Have Your Financing in Order
In a seller’s market, there are often multiple bids or buyers wanting the home. The seller is going to go for the buyer that has their financing in order, even if that means a lower price for the home. A guarantee that you have financing and will follow through on the contract is often worth much more to a seller than getting the highest price.
It doesn’t make sense for a seller to accept the highest bid from a buyer that never went through the preapproval process. Sure, the promise of a higher price sounds great, but if the buyer can’t follow through because he doesn’t qualify for financing, it won’t do the seller any good. Those being said, get your pre-approval letter before you shop for a home. Even if your bid is lower than others, you may come out the winner because you have the financing ready to go.
Don’t Ask for Too Much
If you want to offer a reasonable price for the home, keep your contract simple. While it makes sense to have some contingencies, too many will scare the seller away. The more straightforward the contract and the fewer ways you have to back out of it, the more likely it is that the seller will accept your bid.
Here’s an example:
You bid the asking price on the home, but you also make the contract contingent on the sale of your home, the approval of your financing, and the home inspection. That’s three ways out of the contract. If your home doesn’t sell by a specified date; if you don’t secure financing on time; or if the home inspection turns up with several problems, you can back out of the offer without any repercussions.

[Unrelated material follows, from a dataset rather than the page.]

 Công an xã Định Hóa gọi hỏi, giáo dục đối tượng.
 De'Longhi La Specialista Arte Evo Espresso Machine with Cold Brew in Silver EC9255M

John bids $5,000 lower than the asking price on the home, but he doesn’t include any contingencies. He has an offer on his home already and he has his preapproval letter with very few conditions. His real estate agent walked through the home with him several times and they both feel comfortable that the home is in good condition.
The seller is more likely to take John’s offer, even though it’s $5,000 less than your offer. John doesn’t have an easy way out of the contract, so he is more likely to close on the home than you would be.
Earnest money shows a seller that you have good faith to buy the home. The more money you are willing to put down, the more confidence the seller will have in your offer. Don’t be stingy in this area – you are going to get the money back unless you back out of the contract. As long as you are sure about the home, offer a decent amount of earnest money, sellers like that confidence and may be more likely to choose your bid, even if it’s lower, over others that don’t offer the earnest money, aka confidence in buying the house.
Finally, you want to get personal with the seller. Remember, they are selling a piece of their life to you. Sometimes it’s not about the money, but about finding the right buyer. Sometimes just writing a letter to the seller, letting him know how much you want the home and what it will mean to you and your family is enough for the seller to take your bid over others.
The seller wants to know the home is going to someone that will love it just as much as they did. The last thing some sellers want is for an investor to come in and buy the home either to flip it or rent it out to others. That letter could make the seller accept a lower offer than others offer them.
Getting a good deal on a home in a seller’s market isn’t impossible. These tips can help you get the best deal while getting the home that you want. If it doesn’t work out, don’t forget, there are other homes out there that you can get for a better deal.